Frequently asked questions

Can I just paint over marker with regular wall paint?+
No. Latex wall paint is water-based, and marker dye dissolves into it and rides back up to the surface. You can roll three coats and still see pink and blue ghost lines a week later. The dye has to be sealed under a stain-blocking primer first. Shellac-based primer like Zinsser BIN is the one that holds. Then your normal two coats of wall paint go on top.
Why does marker keep bleeding through after I paint?+
Because the stain is a dye, not surface dirt. Water-based topcoats re-wet the dye and pull it up into the wet film. Each coat looks clean while it is wet, then the stain reappears as it dries. The only fix is a solvent-based or shellac primer that the dye cannot dissolve into. Block it once and it stays gone.
Does crayon need the same treatment as marker?+
Crayon is wax and pigment, so it has two problems. The wax stops paint from sticking, and the pigment can bleed. Wipe the bulk of the wax off first with a warm soapy cloth or a little mineral spirits, let it dry, then prime with a shellac or oil-based stain blocker.
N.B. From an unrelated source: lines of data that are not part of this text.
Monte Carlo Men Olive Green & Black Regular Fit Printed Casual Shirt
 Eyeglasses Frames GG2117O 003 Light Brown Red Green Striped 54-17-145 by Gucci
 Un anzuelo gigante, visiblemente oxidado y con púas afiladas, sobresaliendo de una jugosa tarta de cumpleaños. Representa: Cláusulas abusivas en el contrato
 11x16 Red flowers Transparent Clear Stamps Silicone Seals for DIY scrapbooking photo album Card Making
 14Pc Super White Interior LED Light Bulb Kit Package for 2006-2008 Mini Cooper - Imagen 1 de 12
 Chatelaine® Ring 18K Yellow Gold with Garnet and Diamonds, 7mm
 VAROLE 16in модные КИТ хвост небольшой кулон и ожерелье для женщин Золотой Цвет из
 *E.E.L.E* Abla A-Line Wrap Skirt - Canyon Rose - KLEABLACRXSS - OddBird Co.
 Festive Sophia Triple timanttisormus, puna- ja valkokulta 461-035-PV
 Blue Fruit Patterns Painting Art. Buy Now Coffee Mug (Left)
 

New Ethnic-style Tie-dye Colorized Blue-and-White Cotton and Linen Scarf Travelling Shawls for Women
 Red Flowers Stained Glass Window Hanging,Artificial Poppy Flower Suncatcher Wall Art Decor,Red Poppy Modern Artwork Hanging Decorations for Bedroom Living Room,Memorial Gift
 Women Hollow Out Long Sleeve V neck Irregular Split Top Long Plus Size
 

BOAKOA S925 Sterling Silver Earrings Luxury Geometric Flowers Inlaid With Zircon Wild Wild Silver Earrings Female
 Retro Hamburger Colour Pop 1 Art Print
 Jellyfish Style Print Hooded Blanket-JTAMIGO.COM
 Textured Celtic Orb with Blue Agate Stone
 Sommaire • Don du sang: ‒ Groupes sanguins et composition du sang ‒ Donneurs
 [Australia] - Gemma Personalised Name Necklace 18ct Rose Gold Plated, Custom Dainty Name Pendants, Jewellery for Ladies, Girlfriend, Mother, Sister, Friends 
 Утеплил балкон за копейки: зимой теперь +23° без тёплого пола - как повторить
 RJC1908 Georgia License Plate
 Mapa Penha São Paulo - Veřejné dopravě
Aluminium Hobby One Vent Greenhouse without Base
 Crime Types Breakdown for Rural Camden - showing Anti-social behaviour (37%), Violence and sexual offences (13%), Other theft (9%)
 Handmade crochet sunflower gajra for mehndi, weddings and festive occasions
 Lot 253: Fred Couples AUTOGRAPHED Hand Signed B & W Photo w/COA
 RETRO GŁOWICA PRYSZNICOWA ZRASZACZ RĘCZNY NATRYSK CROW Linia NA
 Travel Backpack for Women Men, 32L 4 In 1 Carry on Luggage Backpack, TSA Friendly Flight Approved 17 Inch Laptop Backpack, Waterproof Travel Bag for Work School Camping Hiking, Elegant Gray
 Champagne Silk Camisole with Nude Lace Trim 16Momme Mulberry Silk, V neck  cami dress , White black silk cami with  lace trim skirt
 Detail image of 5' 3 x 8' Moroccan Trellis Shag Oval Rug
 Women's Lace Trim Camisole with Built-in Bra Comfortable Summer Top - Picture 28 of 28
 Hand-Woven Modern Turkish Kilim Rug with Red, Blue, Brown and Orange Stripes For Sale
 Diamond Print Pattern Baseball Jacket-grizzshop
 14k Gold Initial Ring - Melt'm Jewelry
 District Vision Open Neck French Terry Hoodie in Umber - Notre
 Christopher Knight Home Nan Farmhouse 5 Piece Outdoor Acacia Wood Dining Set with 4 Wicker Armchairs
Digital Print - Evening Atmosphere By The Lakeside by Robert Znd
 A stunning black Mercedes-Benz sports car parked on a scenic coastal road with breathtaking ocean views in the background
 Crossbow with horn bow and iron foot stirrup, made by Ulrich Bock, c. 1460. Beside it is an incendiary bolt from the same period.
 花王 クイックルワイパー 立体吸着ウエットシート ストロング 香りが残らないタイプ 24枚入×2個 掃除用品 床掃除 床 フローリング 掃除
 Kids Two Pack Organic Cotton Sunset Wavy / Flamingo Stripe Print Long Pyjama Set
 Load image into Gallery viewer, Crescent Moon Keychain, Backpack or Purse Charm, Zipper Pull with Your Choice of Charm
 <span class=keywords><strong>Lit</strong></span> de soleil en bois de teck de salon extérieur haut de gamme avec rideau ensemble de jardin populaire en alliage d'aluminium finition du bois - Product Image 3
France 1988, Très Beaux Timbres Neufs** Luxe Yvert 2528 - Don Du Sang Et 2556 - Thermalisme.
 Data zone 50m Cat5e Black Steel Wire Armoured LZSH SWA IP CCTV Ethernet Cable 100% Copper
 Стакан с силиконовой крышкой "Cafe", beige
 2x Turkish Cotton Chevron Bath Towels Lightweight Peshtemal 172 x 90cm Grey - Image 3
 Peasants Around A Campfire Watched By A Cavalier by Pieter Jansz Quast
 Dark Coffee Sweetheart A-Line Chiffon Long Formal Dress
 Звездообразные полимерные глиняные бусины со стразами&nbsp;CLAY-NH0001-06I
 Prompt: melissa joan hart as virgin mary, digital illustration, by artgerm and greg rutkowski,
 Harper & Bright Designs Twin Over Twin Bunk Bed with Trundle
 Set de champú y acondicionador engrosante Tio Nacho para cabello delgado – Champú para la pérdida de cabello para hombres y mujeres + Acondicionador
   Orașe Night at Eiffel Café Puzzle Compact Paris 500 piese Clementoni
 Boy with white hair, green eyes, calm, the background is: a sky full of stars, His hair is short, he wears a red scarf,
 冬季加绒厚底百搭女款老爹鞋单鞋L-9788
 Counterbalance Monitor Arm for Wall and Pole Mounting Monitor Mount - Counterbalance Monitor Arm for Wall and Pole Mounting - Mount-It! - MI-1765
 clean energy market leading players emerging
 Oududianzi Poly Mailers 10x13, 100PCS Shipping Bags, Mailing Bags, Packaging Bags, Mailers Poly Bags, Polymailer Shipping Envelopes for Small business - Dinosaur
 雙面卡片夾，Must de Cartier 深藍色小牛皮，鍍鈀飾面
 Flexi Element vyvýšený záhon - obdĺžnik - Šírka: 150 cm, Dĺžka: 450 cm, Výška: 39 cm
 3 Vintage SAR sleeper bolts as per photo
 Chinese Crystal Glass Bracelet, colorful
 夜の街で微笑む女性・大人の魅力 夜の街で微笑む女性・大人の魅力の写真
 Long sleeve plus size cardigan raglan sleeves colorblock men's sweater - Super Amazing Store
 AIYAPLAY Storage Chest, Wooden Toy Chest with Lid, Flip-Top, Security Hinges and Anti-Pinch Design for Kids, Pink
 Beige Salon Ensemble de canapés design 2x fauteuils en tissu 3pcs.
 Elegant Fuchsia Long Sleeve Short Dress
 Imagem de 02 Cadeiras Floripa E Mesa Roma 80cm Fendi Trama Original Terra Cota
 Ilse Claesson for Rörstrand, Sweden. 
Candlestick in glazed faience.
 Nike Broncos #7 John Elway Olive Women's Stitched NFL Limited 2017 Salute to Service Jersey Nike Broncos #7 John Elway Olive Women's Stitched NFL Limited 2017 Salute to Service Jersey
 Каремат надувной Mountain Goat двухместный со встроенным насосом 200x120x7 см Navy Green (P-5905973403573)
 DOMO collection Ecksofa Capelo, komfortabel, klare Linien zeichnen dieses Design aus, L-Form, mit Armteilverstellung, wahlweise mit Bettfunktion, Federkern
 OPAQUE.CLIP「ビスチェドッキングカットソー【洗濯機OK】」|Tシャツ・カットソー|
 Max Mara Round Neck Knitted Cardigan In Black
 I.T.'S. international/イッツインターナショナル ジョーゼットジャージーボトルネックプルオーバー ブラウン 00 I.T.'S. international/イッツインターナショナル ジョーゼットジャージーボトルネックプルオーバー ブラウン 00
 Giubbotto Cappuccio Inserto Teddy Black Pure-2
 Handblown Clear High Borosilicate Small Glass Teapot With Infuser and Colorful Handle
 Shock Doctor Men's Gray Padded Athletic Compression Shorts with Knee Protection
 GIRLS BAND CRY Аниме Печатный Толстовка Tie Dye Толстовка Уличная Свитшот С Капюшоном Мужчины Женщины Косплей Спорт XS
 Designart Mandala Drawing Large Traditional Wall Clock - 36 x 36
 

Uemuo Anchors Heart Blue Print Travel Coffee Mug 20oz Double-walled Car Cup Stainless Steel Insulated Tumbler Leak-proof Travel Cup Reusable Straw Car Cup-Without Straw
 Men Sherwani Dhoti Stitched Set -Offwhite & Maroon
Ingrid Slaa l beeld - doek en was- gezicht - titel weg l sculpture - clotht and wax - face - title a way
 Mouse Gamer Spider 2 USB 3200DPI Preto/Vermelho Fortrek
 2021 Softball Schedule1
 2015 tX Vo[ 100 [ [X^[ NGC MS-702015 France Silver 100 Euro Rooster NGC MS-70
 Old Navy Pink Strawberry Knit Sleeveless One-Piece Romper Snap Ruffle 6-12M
Skip the wax removal and your primer can fish-eye over the greasy spots.
Will a stain-blocking primer cover the smell of marker too?+
Shellac-based BIN seals odors along with stains, which is why it gets used on smoke and pet damage. Fresh permanent marker can carry a solvent smell for a day. Once it is dry and sealed under BIN, the smell is locked in with the dye. Ventilate while you prime; shellac primer is strong-smelling on its own and you want air moving.
Can I use a water-based stain blocker instead of shellac?+
For light pencil or a faint water ring, a water-based stain blocker like Zinsser Bulls Eye 1-2-3 can hold. For permanent marker, Sharpie, ballpoint ink, or red and blue dye, use shellac BIN or an oil-based blocker. Water-based primers re-wet the same dyes the topcoat does, so they let the worst stains creep through. Match the primer to how stubborn the stain is.